▶ Exercise goal
Each line of the listing needs to be given again exactly.

▶ Supplied information
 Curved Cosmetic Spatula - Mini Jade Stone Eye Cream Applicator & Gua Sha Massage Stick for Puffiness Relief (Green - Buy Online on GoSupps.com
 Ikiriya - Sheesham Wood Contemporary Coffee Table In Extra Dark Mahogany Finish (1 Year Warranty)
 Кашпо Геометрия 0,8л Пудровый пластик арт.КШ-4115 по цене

▶ Solution for this problem
 Curved Cosmetic Spatula - Mini Jade Stone Eye Cream Applicator & Gua Sha Massage Stick for Puffiness Relief (Green - Buy Online on GoSupps.com
 Ikiriya - Sheesham Wood Contemporary Coffee Table In Extra Dark Mahogany Finish (1 Year Warranty)
 Кашпо Геометрия 0,8л Пудровый пластик арт.КШ-4115 по цене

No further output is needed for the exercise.